Kılıçdaroğlu’nun ‘Alevi’ videosunun ardından Davutoğlu’dan ‘Sünni’ videosu

Davutoğlu, paylaştığı görüntüde şu sözlere yer verdi:

“Kemal Bey’in dünkü o samimi görüntüsünü izlediğimde gözümün önüne birden medeniyetlerin, kültürlerin harmanlandığı Anadolu tarihi geldi. Ben de Toroslar’ın doruğunda bir Sünni Yörük Türkmen ovasında doğdum. Horasan’ı Anadolu’ya taşıyan bir ova. Babaannem o denli kaygısı: ‘Horosan’dır bizim ilimiz İsfihan’dan geçti yolumuz, kalktık göçtük bu diyarlara.’ Köyümüzün ismi bugün Taşkent ilçe lakin aslı Pirlerkondu’du. Pir’di köyün ismi. Karşı cephedeki kayanın ismi Kıble Kayası, parkının ismi Mihrap, parkın sırtını verdiği zirvenin ismi Erenler Tepesi’ydi.

Selçuklu Devleti’nin ve Anadolu’daki Horasan izlerinin yaşadığı bir ortamda doğdum. Cumhuriyetimizin verdiği imkanlarla ben de kaç makamlara geldim. Milletimize borçluyuz. Kemal Beyefendi Alevi olarak samimi bir halde hislerini söz ederken ben de bir Sünni olarak tabir edeyim. 13. Yüzyıl Anadolu’su Sünnilerin ve Alevilerin birebir pirlerinin hürmet duyduğu bir Anadolu’ydu. Sünniler ve Aleviler için Pir-i Türkistan Hoca Ahmet Yesevi'ydi. Benim adımı aldığım Hoca Ahmet Yesevi. Hazreti Mevlana ve Hacı Bektaş-ı Veli, Sünnilerin ve Alevilerin ortak erenleriydi. Kim böldü bizi, kim ayırdı? Ve nasıl tekrar bu ırmakları birleştireceğiz, bir umman olacağız Anadolu’da? Evet ben bir Sünni’yim fakat Alevi vatandaşlarımızın hakkını korumak, savunmak öncelikle benim vazifem.
Bir başbakan olarak Hacı Bektaş-ı Veli’de Alevilik üzerine konuştuğumda Alevi vatandaşlarımızın gösterdiği teveccühü hala hatırlarım. Yeniden birinci sefer bir başbakan olarak Erzincan’da bir cemevine girip bizzaz niyaz duası yaptığımda tekrar o hissi yaşamıştım. Biz tıpkı engin ırmağın kollarıyız. Bir ummana yönelen kolları, ortak geçmişten geleceğe yönelen kolları. Hacı Bektaş-ı Veli benim de pirimdir. Hz. Mevlana üzere.

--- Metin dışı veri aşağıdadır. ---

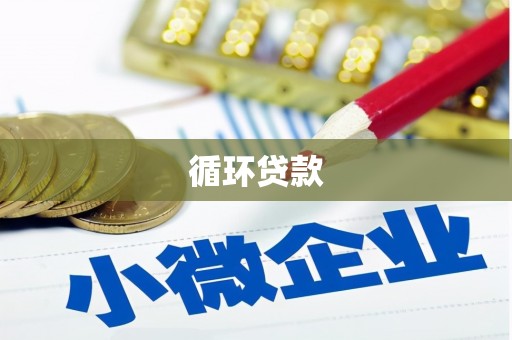 京口循环贷款
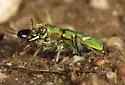 Ohlone Tiger Beetle - photo 3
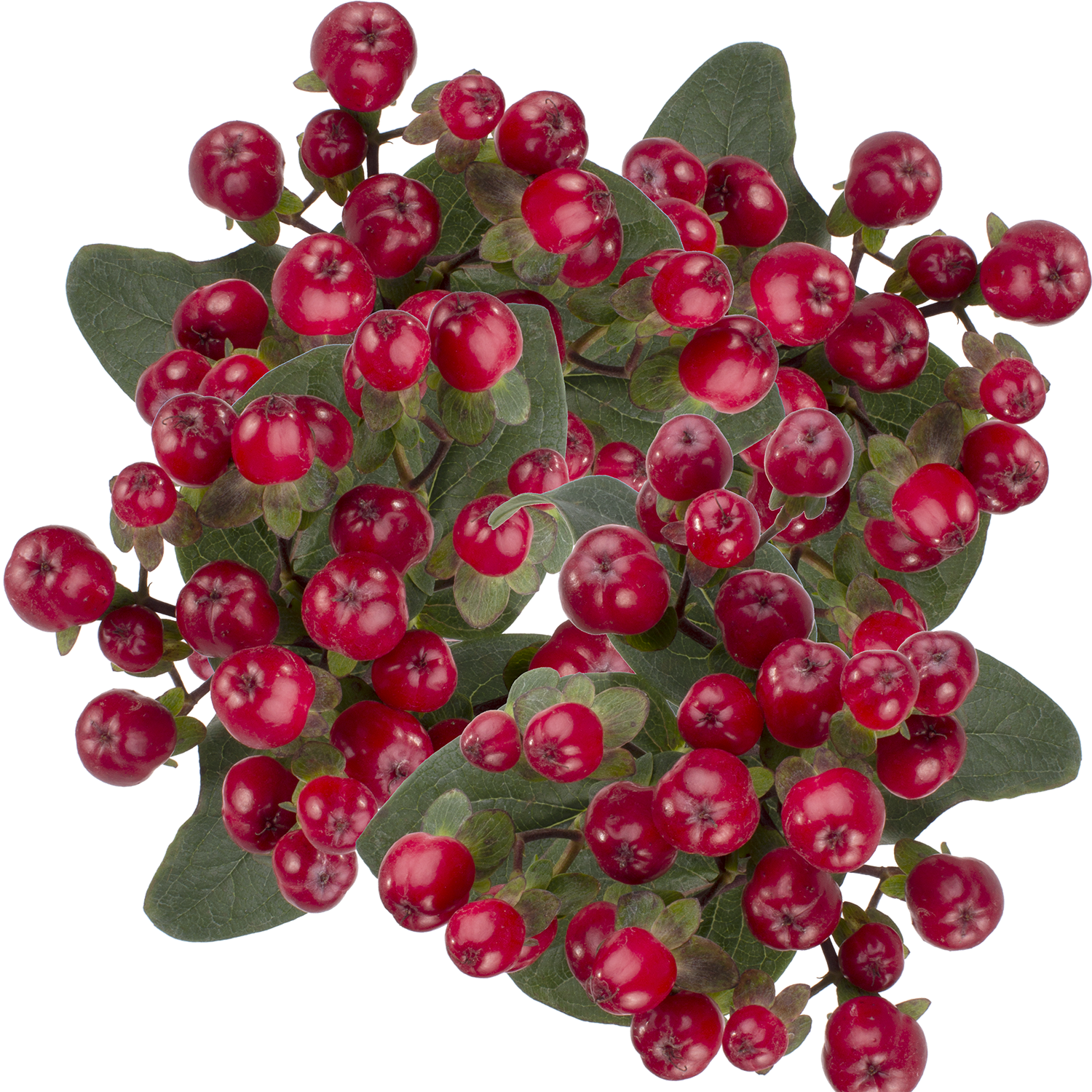 Hypericum Red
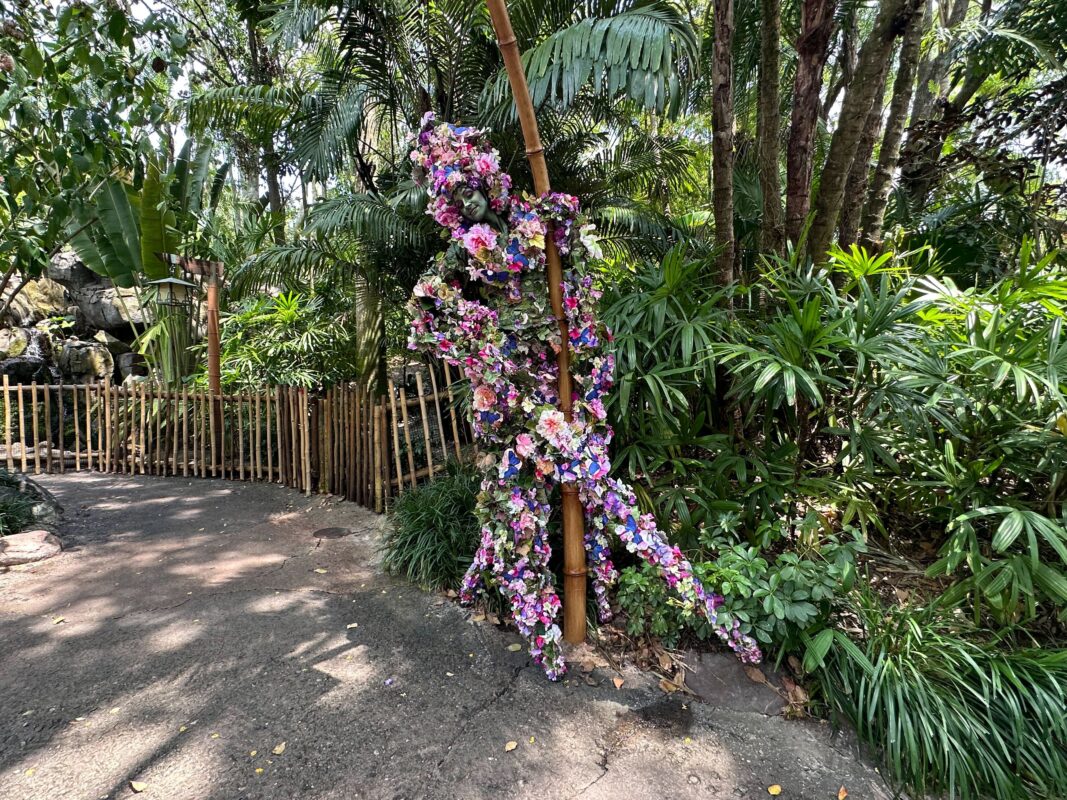 DiVine with spring flowers at Disney's Animal Kingdom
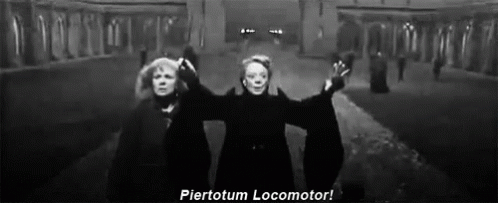 Minerva Mcgonagall Chanting Magic Words GIF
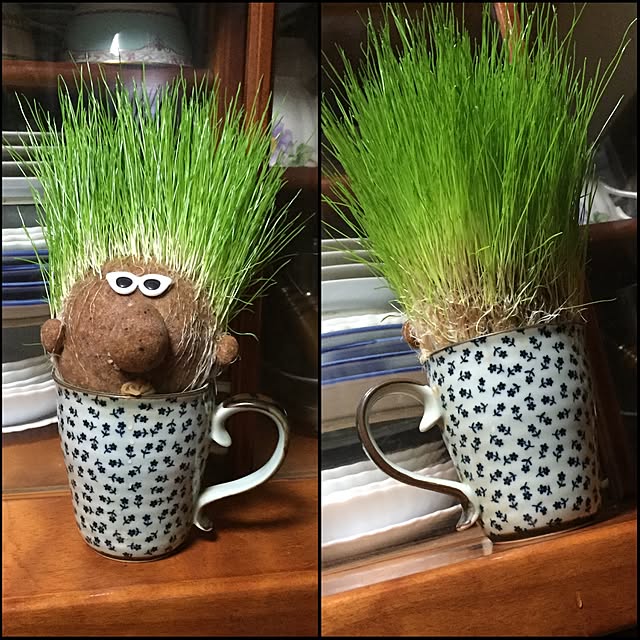 eriさんの実例写真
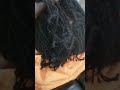 Retightening sisterlocks with 8 months growth sisterlocks sisterlocksjourney trending dread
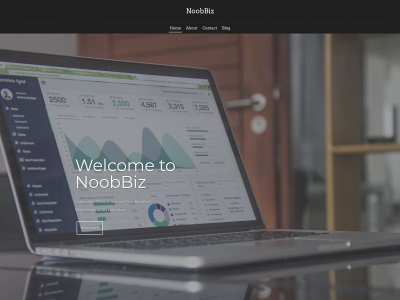 noobbiz.com snapshot
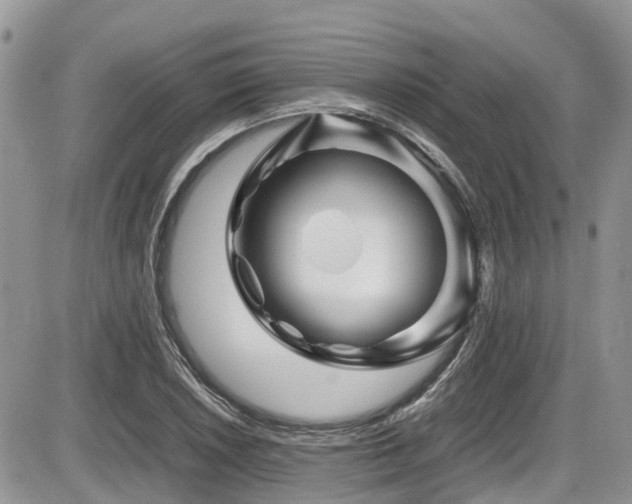X0000086091026200703231425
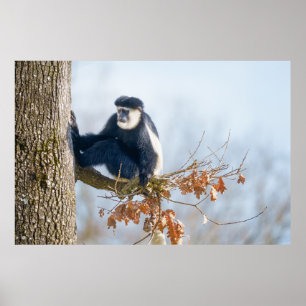 Affiche Le singe colobus dans la canopée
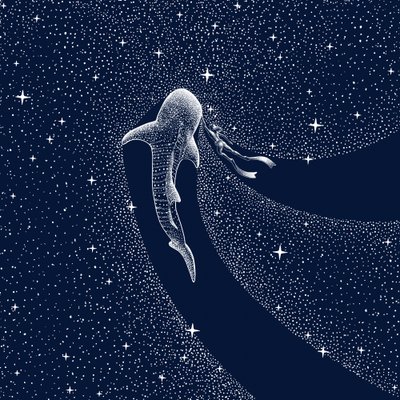 Walhai-Galaxie-Reise von Alirıza ÇAKIR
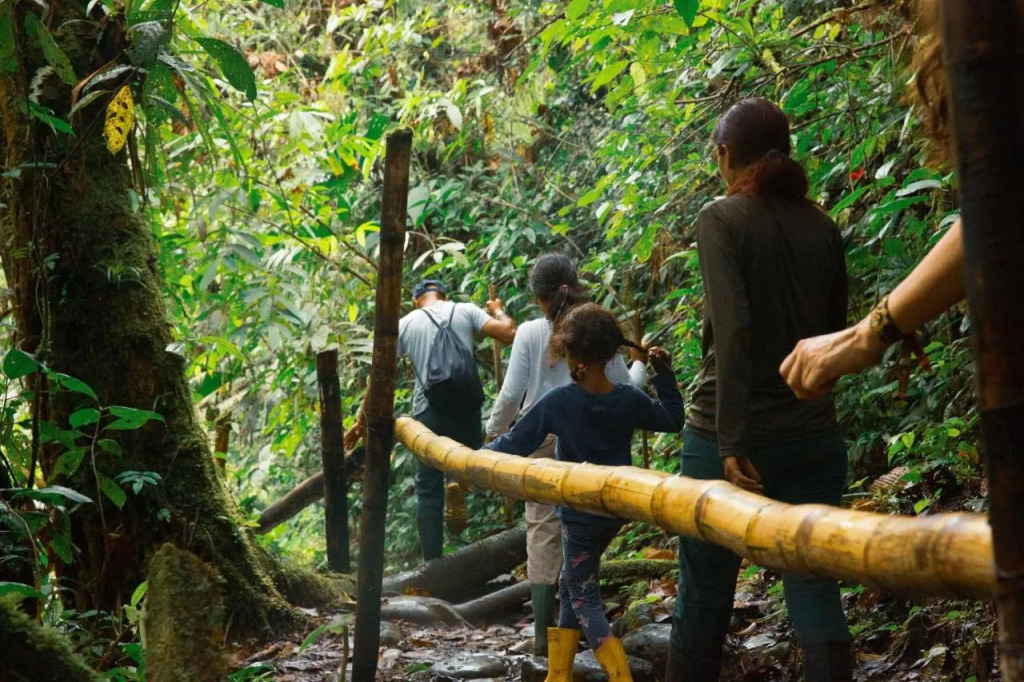 Cotococha Lodge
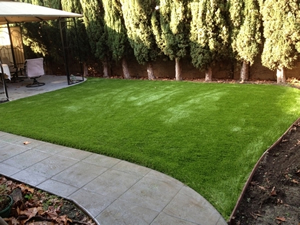 Cupertino synthetic grass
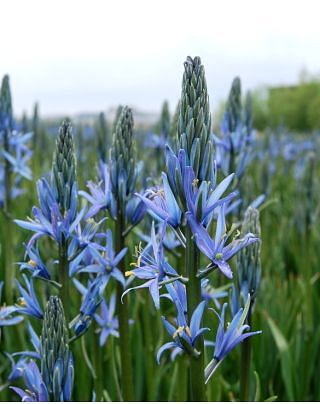 Camassia Leichtlinii Blue Candle Bulbs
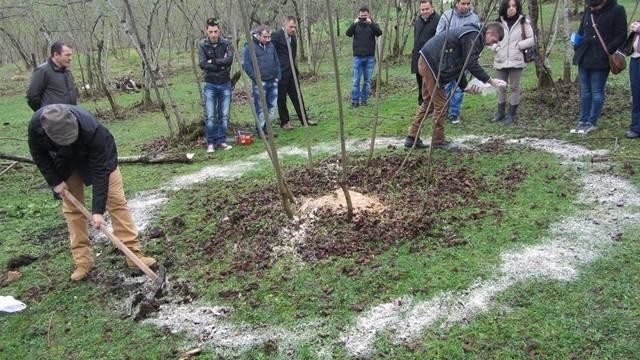 Korona virüs fındık ihracatını engelleyemedi 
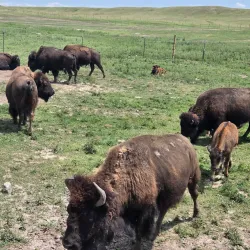 Terry Bison Ranch - Cheyenne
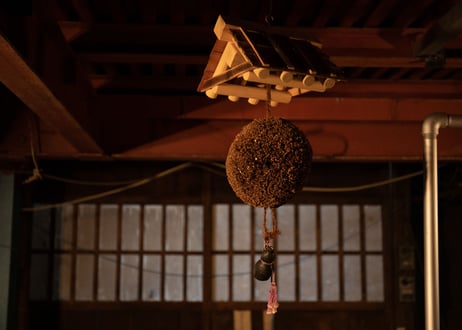 【正規特約店】初桜 純米吟醸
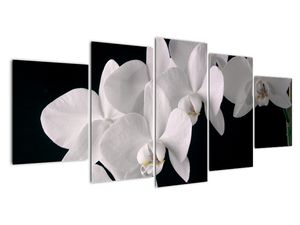 Slika - bela orhideja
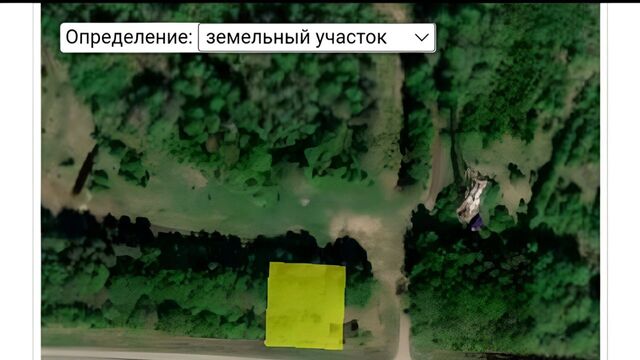д Савватьево фото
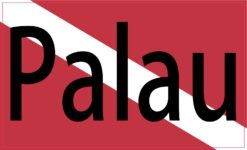 Palau Dive Flag Magnet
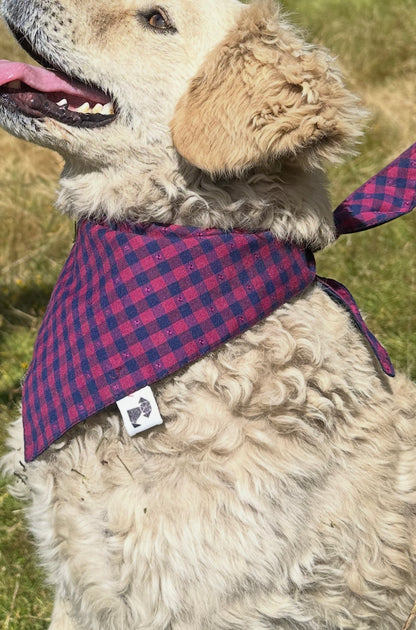 Bandana Theo
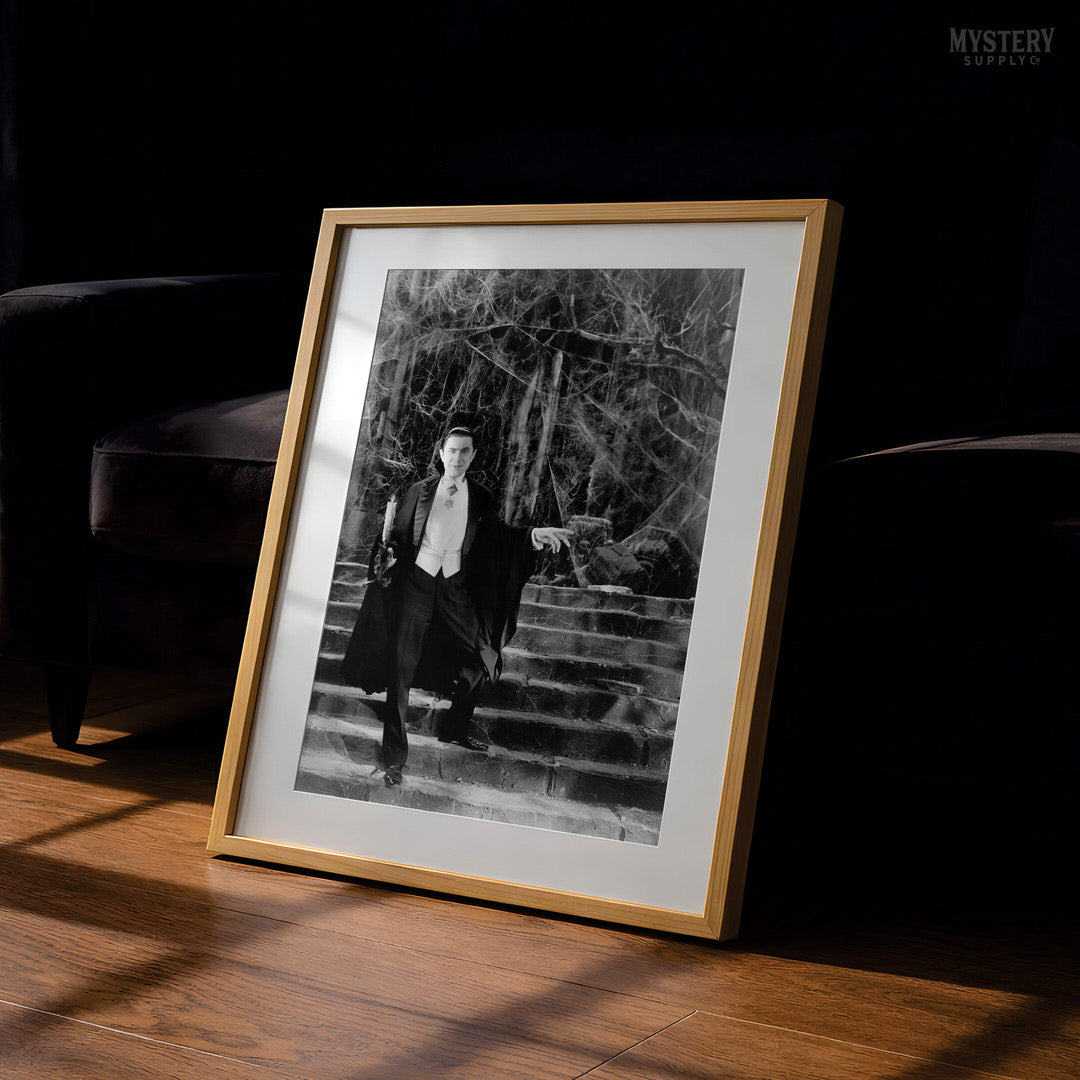 Dracula 1930s Bela Lugosi Vampire On Castle Steps Photo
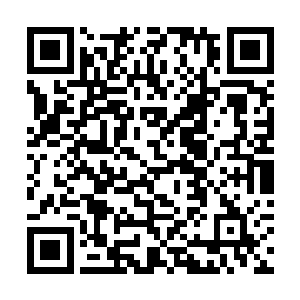 就曾经经历过一次食人蜂冲击部族居住地的可怕景象二维码生成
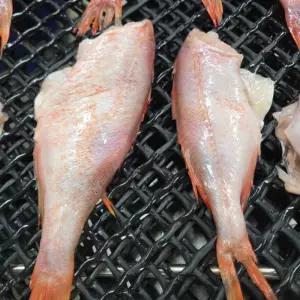 손질 반건조 열기 볼락 1kg(10마리) 냉동열기 소분포장 캐나다산 두절적어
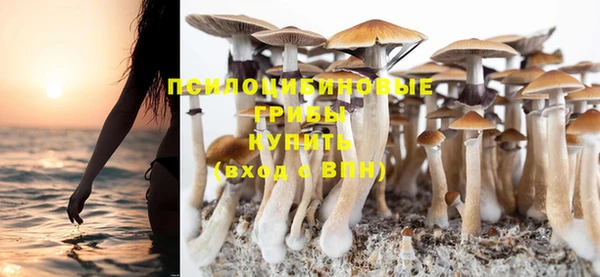 первитин Липки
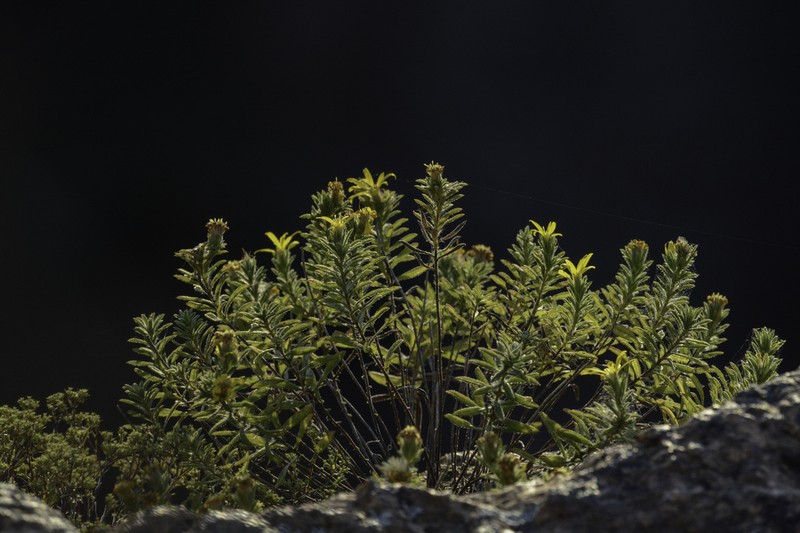 Stiffleaf False Goldenaster photo 4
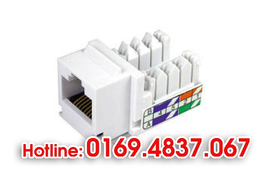 Hop Mang RJ45 100 hạt/ 1 hộp, hop hạt thoại RJ11, nhân RJ45, đế + mặt mạng RJ45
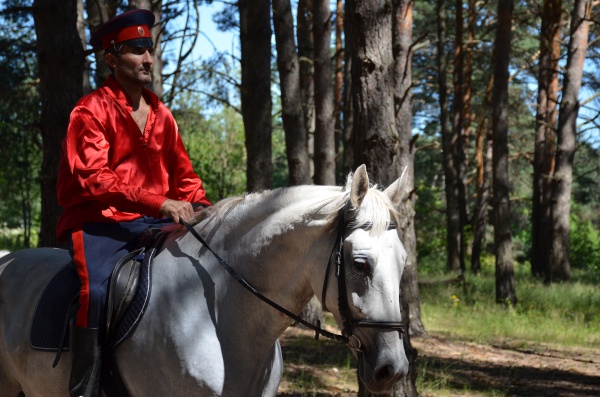 Шашка – победителю. В Серпуховском районе прошли дистанционные конные пробеги на приз атамана ВКО ЦКВ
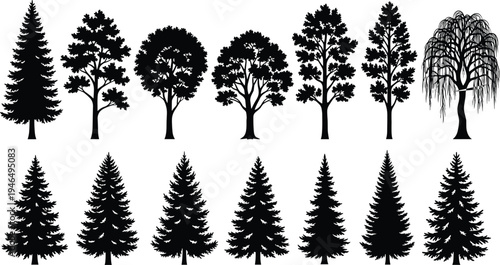 Tree silhouette collection set with pine spruce and deciduous trees isolated on white background, nature forest botanical vector illustration for landscape.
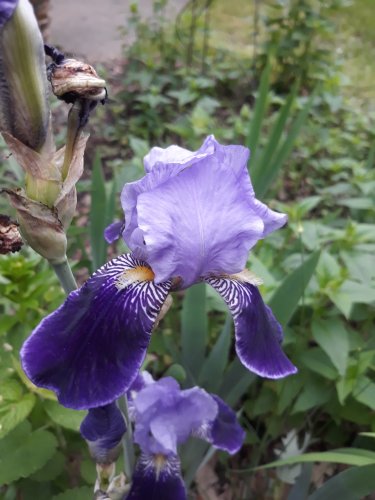 Bearded Iris rhizome (3)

Alevi dedelerimiz bana 'Can Ahmet' der. Zira bilirler ki ben hiçbir vakit fark gözetmedim. Fakat bir Sünni olarak Kemal Bey'i çok uygun anlıyorum. Zira ben de bir Sünni olarak bu topraklarda bazen dışlandığımı hissettim. 28 Şubat'ta eşim ve kızlarım başörtüsü münasebetiyle Sünni olarak dışlandı.





Kemal Bey'e hak veriyorum, sıkıntı Sünnilik, Alevilik problemi değil. Sıkıntı karşılıklı kimliklere hürmet duyulan bir ortak kültür sorunu. 100 yıl içinde hepimiz acı çektik. Bu acılara son vermenin vakti geldi. Ben bir Türk’üm ancak Kürt vatandaşlarımın hakkını korumak benim misyonum.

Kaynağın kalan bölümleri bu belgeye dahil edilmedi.